ARTICLE AD BOX
Jakarta -
Sejumlah penduduk menggugat syarat bunyi minimal calon kepala wilayah terpilih dalam UU Pilkada ke Mahkamah Konstitusi (MK). Anggota Komisi II DPR Ahmad Irawan mengatakan syarat pemenang dalam pilkada merupakan kebijakan norma terbuka alias open legal policy.
"Menurut saya, persyaratan pemenang pemilihan kepala wilayah merupakan kebijakan norma terbuka (opened legal policy alias optionally constitutional) nan tidak bertentangan dengan konstitusi," kata Irawan kepada wartawan, Rabu (9/7/2025).
Irawan mengaku memahami pemohon nan mengaitkan syarat minimal perolehan bunyi dengan legitimasi calon kepala wilayah terpilih. Namun, katanya, patokan peraih bunyi terbanyak menang pilkada dibuat sebagai upaya efisiensi.
SCROLL TO CONTINUE WITH CONTENT
"Terdapat juga alasan-alasan lain nan mendasari penentuan pemenang berasas bunyi terbanyak, seperti soal efisiensi penyelenggaraan pemilihan. Karena jika minimum 50% (simple majority), bakal mengharuskan adanya putaran kedua lagi (second round system)," ujarnya.

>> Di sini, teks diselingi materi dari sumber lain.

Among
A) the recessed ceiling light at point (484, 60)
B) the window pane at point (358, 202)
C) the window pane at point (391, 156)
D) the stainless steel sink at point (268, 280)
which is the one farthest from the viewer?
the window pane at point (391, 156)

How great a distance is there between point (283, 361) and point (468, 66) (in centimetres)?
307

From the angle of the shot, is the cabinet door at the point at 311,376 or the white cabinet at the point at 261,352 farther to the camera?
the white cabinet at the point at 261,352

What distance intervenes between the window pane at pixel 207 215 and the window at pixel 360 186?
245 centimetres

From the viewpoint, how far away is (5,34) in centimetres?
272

Irawan mengingatkan MK membatasi diri saat mengadili dan membikin putusan terhadap syarat perolehan bunyi calon kepala wilayah terpilih. Batasan diri membikin putusan mengenai kebijakan legislasi disebut judicial restraint.
"MK berkuasa untuk memeriksa, memutus dan mengadili permohonan tersebut. Cuma kudu membatasi dirinya dalam memutus nomor perolehan bunyi untuk menetapkan pemenang itu," imbuhnya.
Sejumlah penduduk diketahui mengusulkan gugatan terhadap UU Pilkada ke MK. Pemohon meminta MK mengatur calon bupati-wakil bupati, wali kota-wakil wali kota dan gubernur-wakil gubernur terpilih kudu mendapat lebih dari 50% bunyi sah.
Dilihat dari situs resmi MK, Selasa (8/7), gugatan nomor 110/PUU-XXIII/2025 itu diajukan tiga penduduk berjulukan Terence Cameron, Geszi Muhammad Nesta dan Adnisa Prettya. Mereka mengusulkan gugatan terhadap pasal 107 ayat (1) dan pasal 109 ayat (1) UU Nomor 10 Tahun 2016 tentang Pilkada.
Pemohon menyebut patokan nan bertindak saat ini menyebabkan calon terpilih hanya ditentukan bunyi terbanyak. Menurut mereka, perihal tersebut menyebabkan ketidakpastian norma dan kemunduran demokrasi.